Cordel literature (from the Portuguese term, literatura de cordel, literally "string literature", /pt/) are popular and inexpensively printed booklets or pamphlets containing folk novels, poems and songs. They are produced and sold in street markets and by street vendors in Brazil, mainly in the Northeast. They are so named because they are hung from strings to display them to potential customers, and the word for rope in Portuguese is corda, from which the term cordel is derived.

== History ==
Cordel literature forms one of the least altered continuations of the Western traditions of popular literature, such as chapbooks, and popular prints.
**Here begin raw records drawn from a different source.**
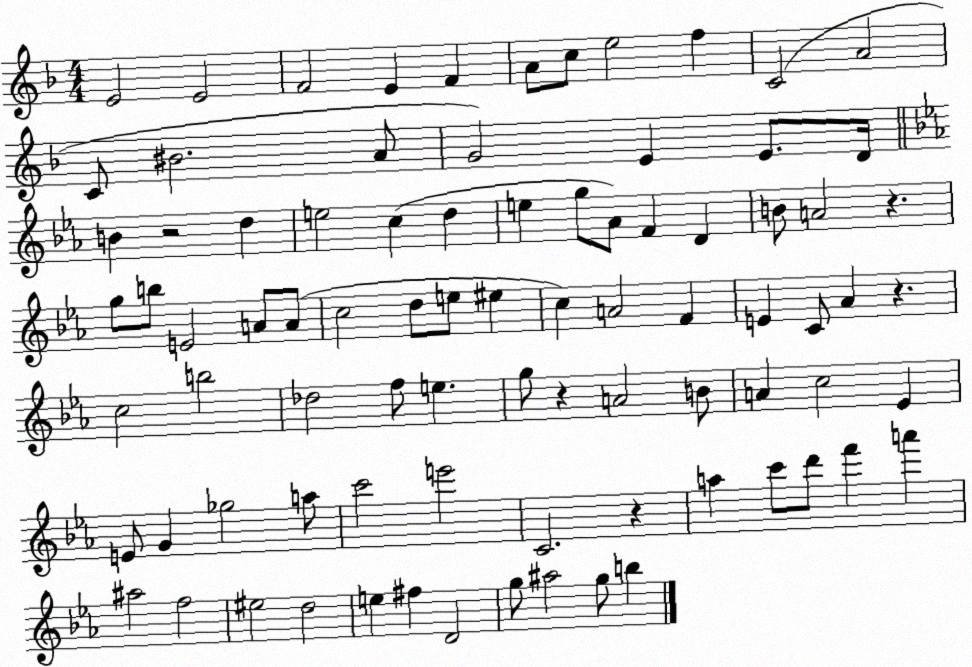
X:1
T:Untitled
M:4/4
L:1/4
K:F
E2 E2 F2 E F A/2 c/2 e2 f C2 A2 C/2 ^B2 A/2 G2 E E/2 D/4 B z2 d e2 c d e g/2 _A/2 F D B/2 A2 z g/2 b/2 E2 A/2 A/2 c2 d/2 e/2 ^e c A2 F E C/2 _A z c2 b2 _d2 f/2 e g/2 z A2 B/2 A c2 _E E/2 G _g2 a/2 c'2 e'2 C2 z a c'/2 d'/2 f' a' ^a2 f2 ^e2 d2 e ^f D2 g/2 ^a2 g/2 b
Its history dates back to the 16th century, when the printing of oral reports became popularized in the Renaissance. This genre derives from the papel volante tradition of Portugal, a literary genre also found in Spain during the 18th and 19th centuries, and offered readers a wide array of topics, from basic instruction to political tracts. The name comes from the way the leaflets were traditionally displayed for sale, hung on ropes, twine or string in Portugal. It remains a popular literary form in Brazil. In the Northeastern region of Brazil, the name was adopted, but the leaflet may or may not be displayed on string. Some poems are illustrated with woodcuts, also used on the covers. The most common stanzas are those of ten, eight or six verses. The authors, or cordelistas, recite these verses in a melodious and cadenced way, accompanied by a musical instrument named viola. Readings or declamations of these verses are performed to win over potential buyers. In 1988, the Academia Brasileira de Literatura de Cordel (ABLC) [Brazilian Academy of Cordel Literature] was founded in Rio de Janeiro in order to bring together the exponents of this Brazilian literary genre.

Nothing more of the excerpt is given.